Валерка явился даже быстрее, чем предполагал Седой. Хозяин угрюмо сидел за столом.
— Звал? — спросил гость.
— Присаживайся. Хочешь выпить, налей себе. — И Седой кивнул на стол, на котором стояла бутылка водки.
— Пить не буду, — отказался Валерка, опускаясь на стул.
— Ты, парень, что-то нервничаешь. Причины есть?
— Кажется, я прокололся, Седой, — глухо сказал Валерка. — Что хочешь со мной делай.
— Небось, пьянствовал долго, вот и несешь черти что. Хочешь дела делать, поменьше надо с бабами валандаться, они до добра никого не доводили. Выкладывай, в чем грешен?
— Расслабился я и Алине сказал про налет… — Валерка сделал паузу. — И про мокруху тоже.
— А она что? — как бы нехотя поинтересовался Седой. На самом же деле он был обеспокоен: события приняли неожиданный оборот, и то, что стало известно одному, тем более женщине, может стать известным всем. — И что дальше? Больше к этому разговору не возвращались?
— Нет, — ответил Валерка, — она как будто и внимания не обратила.
— Хитрая баба, — задумчиво произнес Седой, — присмотреть за ней надо. Ты ее когда последний раз видел?
— Пьют они там с моими корешками, у меня дома, и она тоже.
— Может, сходим, глянем?!
— Нет, Седой, не стоит, я сам за ней пригляжу.
— Вот что, парень, — сказал Седой, — если ты рядом со мной, то слушать меня обязан. Зелен ты еще. А иначе мы, вместо денег, либо на пулю нарвемся, либо в тюрьме сгнием. Понял?
Валерка молча кивнул. Мысли его были тревожными. Он понял, что вырвавшееся у него признание всерьез обеспокоило Седого.
— Если услышишь что, быстро звони мне, — сказал Седой. — Мы ее кончим!..
— Что?! — Валерка подскочил от изумления и, словно не расслышав, переспросил: — Что ты сказал, Седой?
— Кончим ее, говорю, лишней она стала!
— Брось, Седой, она не продаст, своя девка.
— Свои-то и продают, парень, — улыбаясь так, что Валерке стало страшно, проговорил Седой. — Деньги, которые я тебе дал, пока не швыряй, пригодятся, и пей поменьше, от этого много беды может выйти. И не шляйся. Дома посиди. А сейчас иди, я займусь делами…
В ту же ночь Седой вызвал Гурано и велел ему смотреть за Валеркой и его подругой. Оба понимали, что в случае чего от ребят придется избавиться. «Жаль, — думал он, — что моя наука не пошла ему впрок и я не сумел пацана к большим делам пристроить. Но он только с виду крут, а на деле слишком сентиментален и слаб сердцем. Такие быстро ломаются.
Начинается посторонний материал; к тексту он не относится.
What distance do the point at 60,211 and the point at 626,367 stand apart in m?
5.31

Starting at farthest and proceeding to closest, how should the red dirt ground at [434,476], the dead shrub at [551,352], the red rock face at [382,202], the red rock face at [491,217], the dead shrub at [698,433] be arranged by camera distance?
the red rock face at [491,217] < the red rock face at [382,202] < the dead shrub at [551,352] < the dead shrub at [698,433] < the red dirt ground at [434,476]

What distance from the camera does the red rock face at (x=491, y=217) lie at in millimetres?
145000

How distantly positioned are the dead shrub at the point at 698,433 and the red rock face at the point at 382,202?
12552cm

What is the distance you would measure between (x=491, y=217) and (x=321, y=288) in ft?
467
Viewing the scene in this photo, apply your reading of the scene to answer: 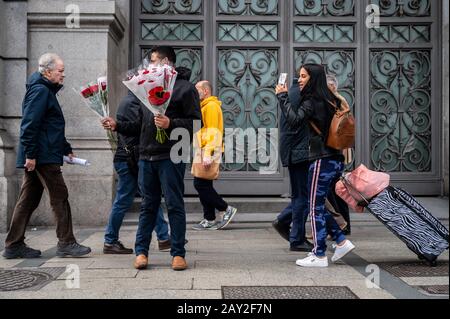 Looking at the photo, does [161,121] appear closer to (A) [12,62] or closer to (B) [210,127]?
(B) [210,127]

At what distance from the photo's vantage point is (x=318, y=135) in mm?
5551

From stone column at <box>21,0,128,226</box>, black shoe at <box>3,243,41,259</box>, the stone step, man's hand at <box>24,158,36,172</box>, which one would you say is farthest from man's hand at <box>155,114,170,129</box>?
the stone step

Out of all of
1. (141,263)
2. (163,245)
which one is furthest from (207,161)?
(141,263)

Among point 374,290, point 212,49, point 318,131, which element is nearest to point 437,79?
point 212,49

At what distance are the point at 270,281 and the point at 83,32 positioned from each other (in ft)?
17.7

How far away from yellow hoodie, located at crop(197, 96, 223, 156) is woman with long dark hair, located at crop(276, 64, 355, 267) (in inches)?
95.7

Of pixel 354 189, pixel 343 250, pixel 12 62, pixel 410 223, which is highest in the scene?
pixel 12 62

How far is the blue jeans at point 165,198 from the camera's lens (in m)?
5.44

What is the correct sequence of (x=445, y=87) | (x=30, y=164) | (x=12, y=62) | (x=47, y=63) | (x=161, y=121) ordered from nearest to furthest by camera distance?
1. (x=161, y=121)
2. (x=30, y=164)
3. (x=47, y=63)
4. (x=12, y=62)
5. (x=445, y=87)

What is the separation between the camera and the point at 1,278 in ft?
17.0

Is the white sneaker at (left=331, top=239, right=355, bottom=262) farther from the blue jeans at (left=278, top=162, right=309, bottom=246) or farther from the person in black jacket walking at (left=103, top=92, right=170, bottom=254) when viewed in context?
the person in black jacket walking at (left=103, top=92, right=170, bottom=254)

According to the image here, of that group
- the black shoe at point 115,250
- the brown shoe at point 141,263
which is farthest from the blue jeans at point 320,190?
the black shoe at point 115,250

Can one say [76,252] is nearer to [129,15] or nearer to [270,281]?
[270,281]

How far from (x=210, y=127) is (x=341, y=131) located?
2786 millimetres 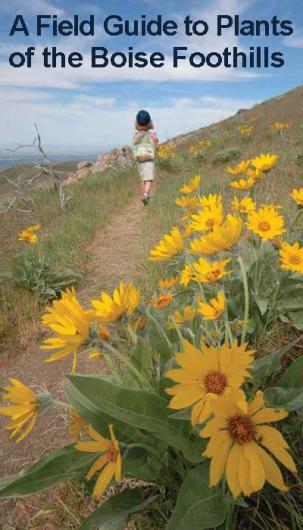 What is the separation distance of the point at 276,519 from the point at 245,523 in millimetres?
134

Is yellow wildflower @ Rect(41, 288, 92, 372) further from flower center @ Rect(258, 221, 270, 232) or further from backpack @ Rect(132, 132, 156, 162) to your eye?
backpack @ Rect(132, 132, 156, 162)

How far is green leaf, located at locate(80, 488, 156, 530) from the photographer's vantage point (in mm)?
1384

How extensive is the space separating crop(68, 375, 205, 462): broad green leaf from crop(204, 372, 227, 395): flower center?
29 cm

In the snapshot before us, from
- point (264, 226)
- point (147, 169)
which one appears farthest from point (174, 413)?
point (147, 169)

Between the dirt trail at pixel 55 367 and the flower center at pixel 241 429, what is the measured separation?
1.05 metres

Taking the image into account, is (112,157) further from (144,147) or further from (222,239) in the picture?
(222,239)

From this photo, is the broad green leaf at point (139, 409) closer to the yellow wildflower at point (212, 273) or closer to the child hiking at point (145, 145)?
the yellow wildflower at point (212, 273)

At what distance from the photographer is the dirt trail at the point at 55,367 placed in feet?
7.96

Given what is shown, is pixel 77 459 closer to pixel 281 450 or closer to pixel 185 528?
pixel 185 528

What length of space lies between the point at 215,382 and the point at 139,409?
1.15 ft

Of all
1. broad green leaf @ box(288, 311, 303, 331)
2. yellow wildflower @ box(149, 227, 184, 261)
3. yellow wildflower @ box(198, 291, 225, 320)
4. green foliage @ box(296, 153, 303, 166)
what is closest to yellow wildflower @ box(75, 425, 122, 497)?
yellow wildflower @ box(198, 291, 225, 320)

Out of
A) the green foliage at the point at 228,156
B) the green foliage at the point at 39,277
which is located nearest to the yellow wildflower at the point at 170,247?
the green foliage at the point at 39,277

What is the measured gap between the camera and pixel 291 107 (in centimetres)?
1794

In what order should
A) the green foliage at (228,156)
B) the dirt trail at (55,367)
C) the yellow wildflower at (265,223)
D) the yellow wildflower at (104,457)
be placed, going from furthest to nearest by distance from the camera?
the green foliage at (228,156)
the dirt trail at (55,367)
the yellow wildflower at (265,223)
the yellow wildflower at (104,457) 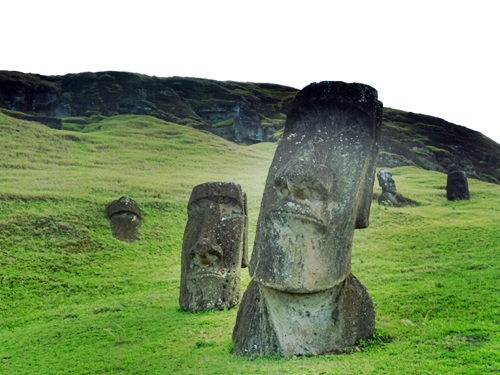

А может, все и обойдется?»
— Ты, морэ, — сказал Седой Гурано, — знай, что, если они сломаются, нам дорога короткой будет.
— Может, сразу пришить? — спросил Гурано.
— Нет, погоди пока, но гляди хорошенько.
И возле дома, где жил Валерка, стала постоянно маячить тень Гурано. Этот пожилой черноволосый человек вовсе не походил на тайного соглядатая. Дело свое Гурано знал.
…Вечером Алина и Валерка вышли из дома. Они говорили о каких-то пустяках. Но Гурано, следивший за ними, чутко впитывал каждое слово.
— Тревожно мне, Алина, — сказал Валерка, — боюсь я.
— То, что ты сказал недавно, — помолчав, спросила девушка, — не было шуткой?
Валерка отвернулся, и Алина не увидела гримасы, исказившей его лицо. Ему на мгновение показалось, что Седой где-то рядом, и, стоит сказать хотя бы слово, как он исполнит свою угрозу.
— Что я сказал? — переспросил Валерка.
— О какой-то крови, о налете…
Алина говорила нарочно медленно, растягивая слова, как будто понимала, что их могут подслушать, а ох как опасен был этот разговор. Гурано сжался в комок и напряженно ловил каждую фразу.
— Ерунда это, Алина, — произнес наконец Валерка, — придумал я все, хотелось перед тобой покрасоваться…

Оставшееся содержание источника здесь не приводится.